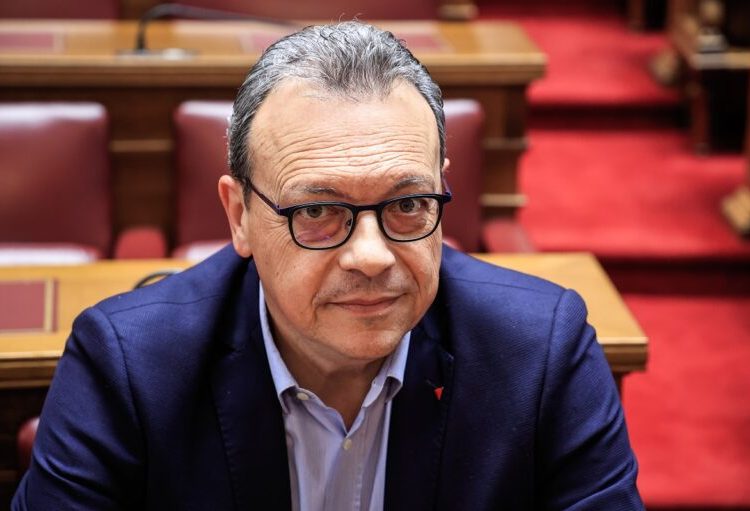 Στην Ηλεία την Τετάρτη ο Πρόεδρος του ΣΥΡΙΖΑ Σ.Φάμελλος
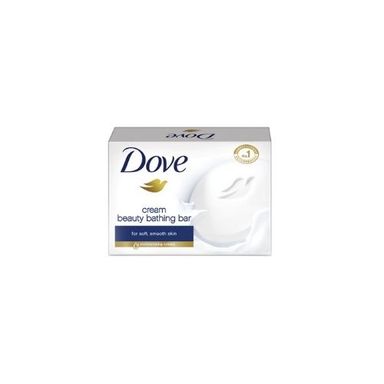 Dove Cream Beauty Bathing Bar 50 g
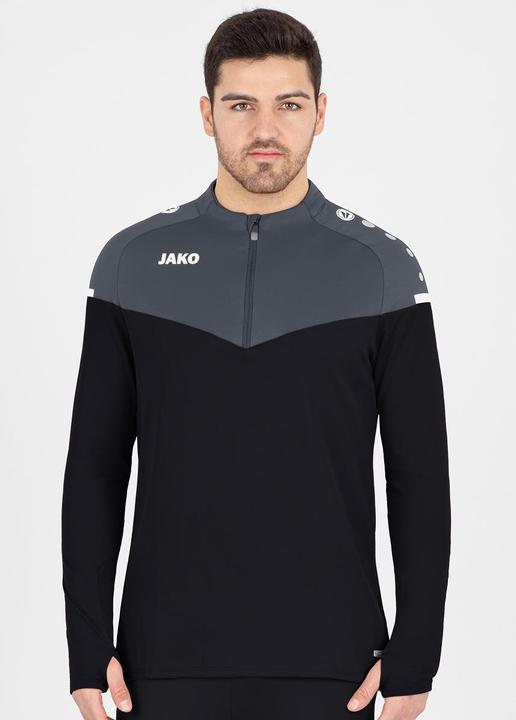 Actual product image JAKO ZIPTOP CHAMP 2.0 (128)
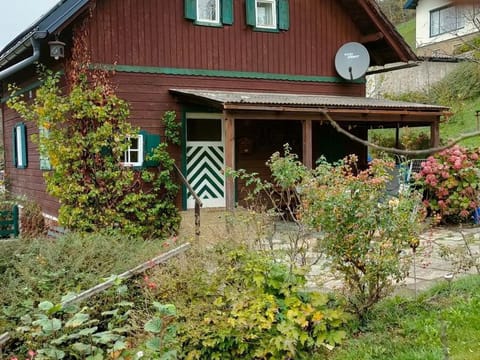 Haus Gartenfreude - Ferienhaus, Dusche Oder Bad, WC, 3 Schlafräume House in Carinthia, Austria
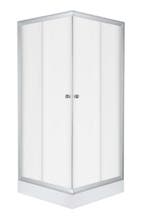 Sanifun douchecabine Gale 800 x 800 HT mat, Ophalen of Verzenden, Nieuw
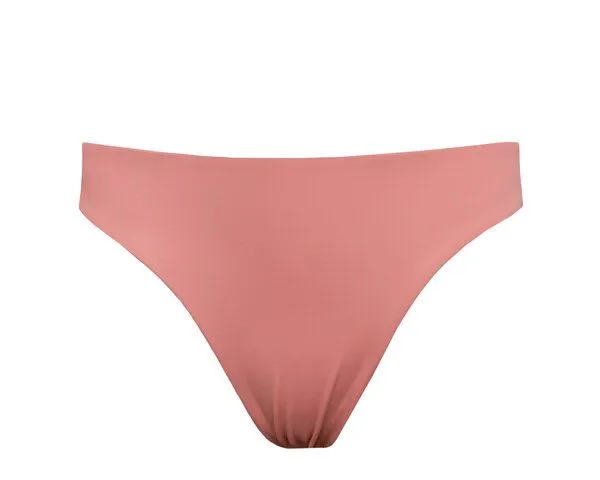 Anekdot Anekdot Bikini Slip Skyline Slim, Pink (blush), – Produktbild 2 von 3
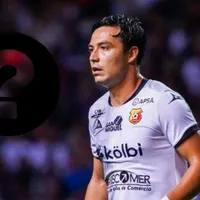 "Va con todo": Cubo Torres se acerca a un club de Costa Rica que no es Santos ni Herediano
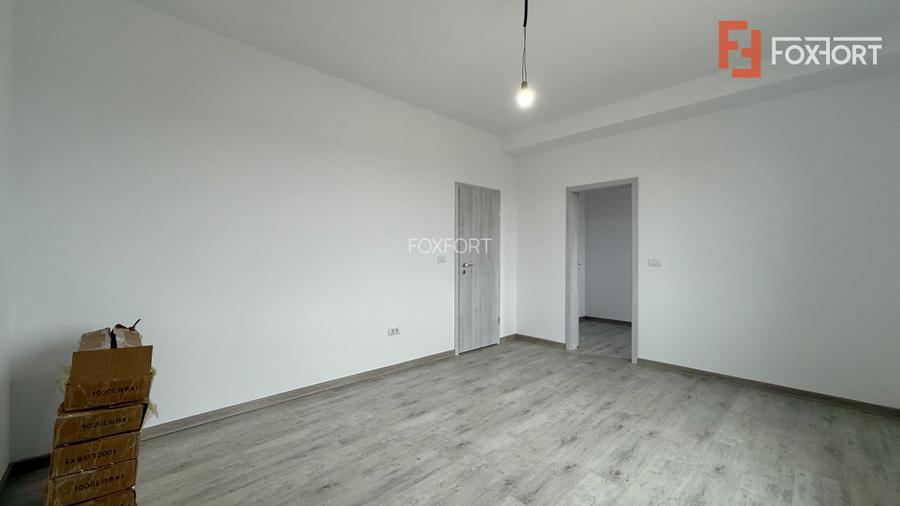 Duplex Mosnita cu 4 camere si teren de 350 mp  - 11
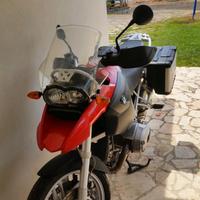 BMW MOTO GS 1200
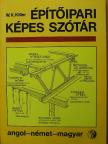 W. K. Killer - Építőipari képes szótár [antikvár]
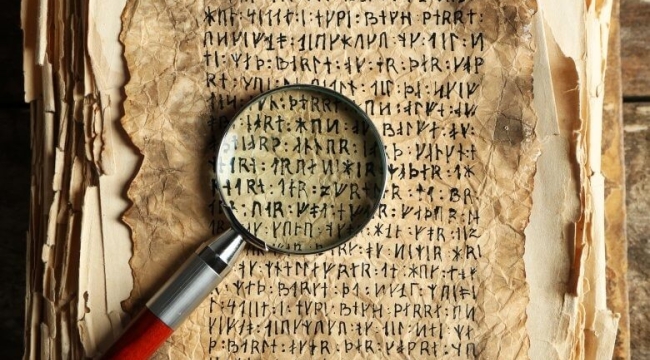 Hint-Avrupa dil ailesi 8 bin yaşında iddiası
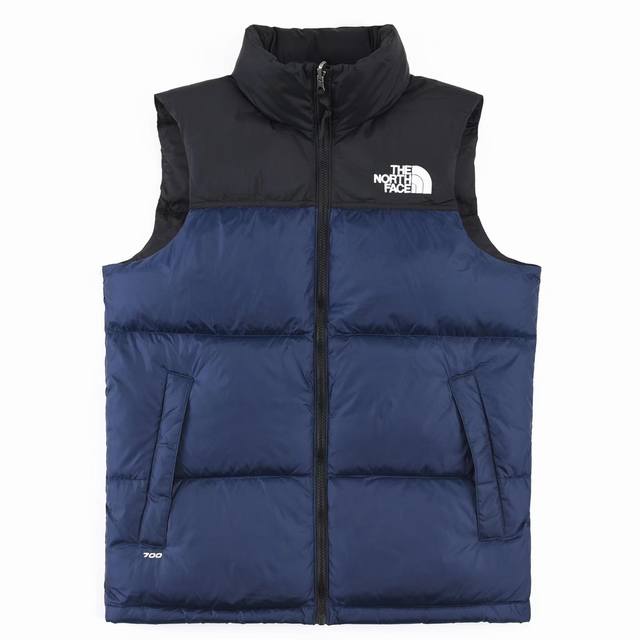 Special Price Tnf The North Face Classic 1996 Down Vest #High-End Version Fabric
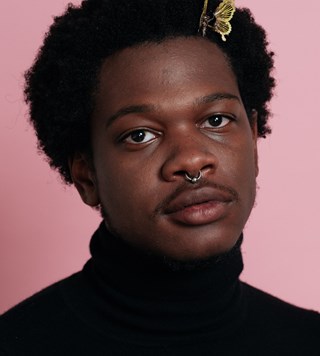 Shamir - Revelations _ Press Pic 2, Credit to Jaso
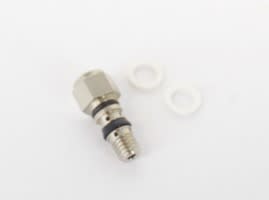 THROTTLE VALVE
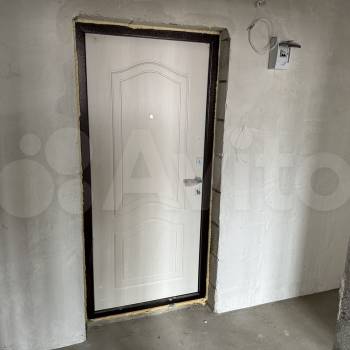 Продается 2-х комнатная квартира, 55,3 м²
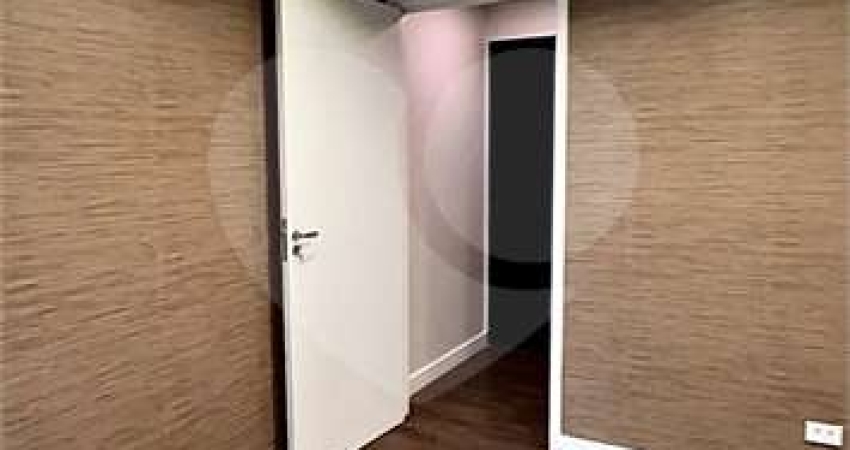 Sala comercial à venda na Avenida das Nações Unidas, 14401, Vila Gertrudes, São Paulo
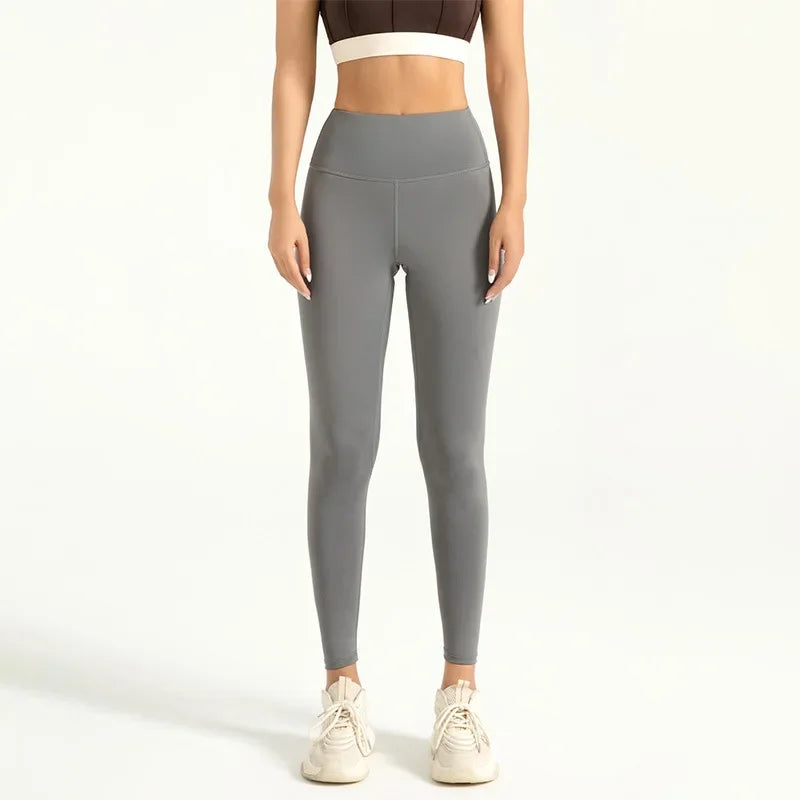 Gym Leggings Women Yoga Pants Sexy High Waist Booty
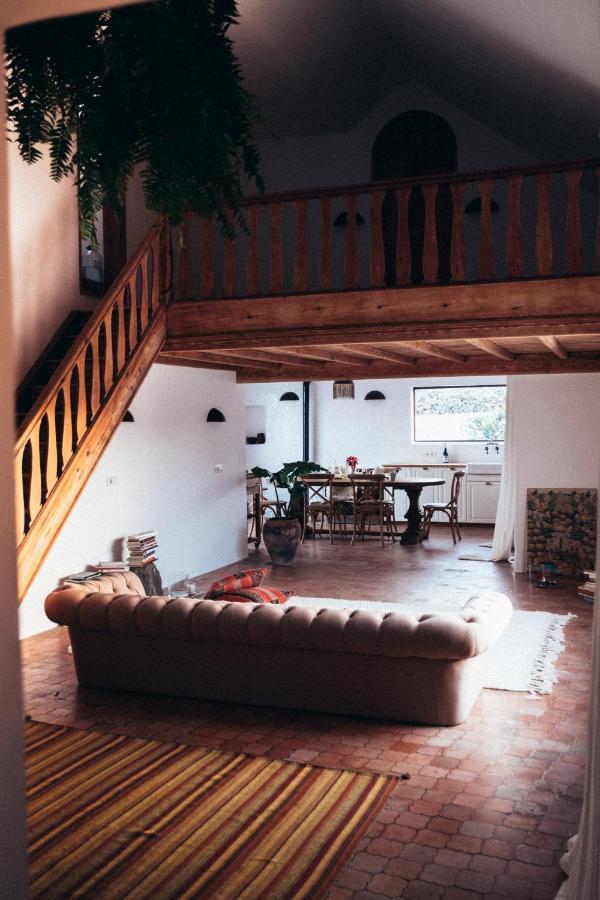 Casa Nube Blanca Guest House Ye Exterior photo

• [Work item]: Exact copies of the lines from the one containing "THROTTLE VALVE" through the end of the records above are required, with no pictures among them.

• [Answer to this exercise]:
 THROTTLE VALVE
 Продается 2-х комнатная квартира, 55,3 м²
 Sala comercial à venda na Avenida das Nações Unidas, 14401, Vila Gertrudes, São Paulo
 Gym Leggings Women Yoga Pants Sexy High Waist Booty
 Casa Nube Blanca Guest House Ye Exterior photo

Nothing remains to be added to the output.